This is my little menu navigation with if and else statements:
def navigation():
navigation_eingabe = int(input())
if navigation_eingabe == 1:
met1()
if navigation_eingabe == 2:
pass
if navigation_eingabe == 3:
pass
if navigation_eingabe == 4:
pass
if navigation_eingabe == 5:
pass
if navigation_eingabe == 6:
pass
else:
print("Pls give only Integer numbers")
def met1():
print("method1")
met2()
def met2():
print("method2")
navigation()
Its not working correctly, after I give the Input as 1, the code goes to met1, then to meth2 and then to the else statement. I dont know why?
And then I program this alternativ code with a example:
def navigation ():
x = int(input())
if x == 1:
print("1")
xx1()
if x == 2:
print("2")
xx2()
else:
print("else statement")
def xx1():
print("this is met1")
def xx2():
print("this is met2")
navigation()
But in this code, the statement is working correctly, why not in the first code? Is this a problem with functional programming logic, or with the statement structury? but I cant see the difference of this two codes.
Thank you!
In python, when testing multiple conditions in the same block, you use if for the first condition, elif for other conditional statements after that, and then else. The code block under else runs only if the other conditions were False. The problem with your code is that you use all if statements where you should use elif. The reason your first code goes to the else statement is because your last if statement runs no matter what the result of the first if statement was.
if navigation_eingabe == 1:
met1()
elif navigation_eingabe == 2:
pass
put the rest of your elif statements, and end with the else statement, so it will print if none of the other conditions are true:
else:
print('Pls only give integer numbers.')
However, this code does not do what you think it does. You are using the else statement for exception handling. This does not work. What you need is a try-except statement:
try:
navigation_eingabe = int(input())
if navigation_eingabe == 1:
met1()
elif navigation_eingabe == 2:
pass
elif navigation_eingabe == 3:
pass
elif navigation_eingabe == 4:
pass
elif navigation_eingabe == 5:
pass
elif navigation_eingabe == 6:
pass
else:
print('not a number 1-6')
except ValueError: #the type of error if you try to convert a non-integer string to an int.
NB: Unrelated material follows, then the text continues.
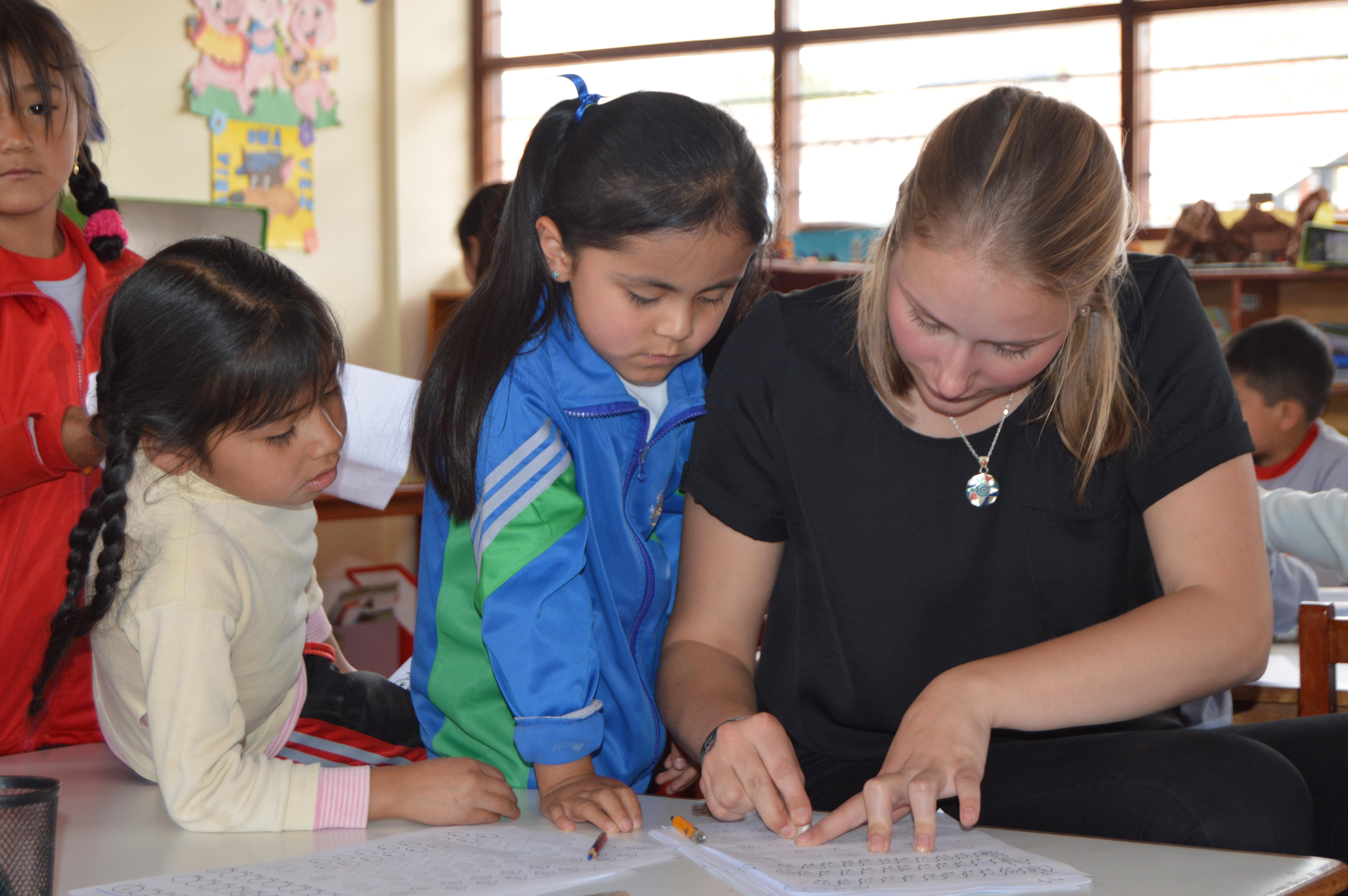A Projects Abroad volunteer corrects a mistake on one of her students practice test while gaining teaching work experience in Peru Teaching volunteer in Peru explains to her student where she went wrong in her work and how to correct it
print('Pls only give integer numbers.')
This will check each condition and catch the error if an invalid string is passed to the input.
This happened because you thought the execution of navigation() function would stop after the first if statement. It is wrong as after that more if statements are there instead of elif.
So use elif instead of more if statements
if navigation_eingabe == 1:
met1()
elif navigation_eingabe == 2:
pass
elif navigation_eingabe == 3:
pass
elif navigation_eingabe == 4:
pass
elif navigation_eingabe == 5:
pass
elif navigation_eingabe == 6:
pass
else:
print("Pls give only Integer numbers")
Because you're using consecutive if statements as opposed to elif statements, the Python interpreter treats each block as a separate decisional, so navigation() is first evaluating whether navigation_eingabe == 1. For an entry of 1 at the input prompt, this is true. Then, because the next line is treated as a separate decisional statement, it checks if navigation_eingabe == 2, and so on, until it reaches the following block:
if navigation_eingabe == 6:
pass
else:
print("Pls give only Integer numbers")
At which the interpreter enters the decisional with the comparison navigation_eingabe == 6, and evaluates this regardless of whether any of the previous five comparisons were True or False. This comparison evaluates to False because navigation_eingabe == 1, and we fall into the else block as a catch-all.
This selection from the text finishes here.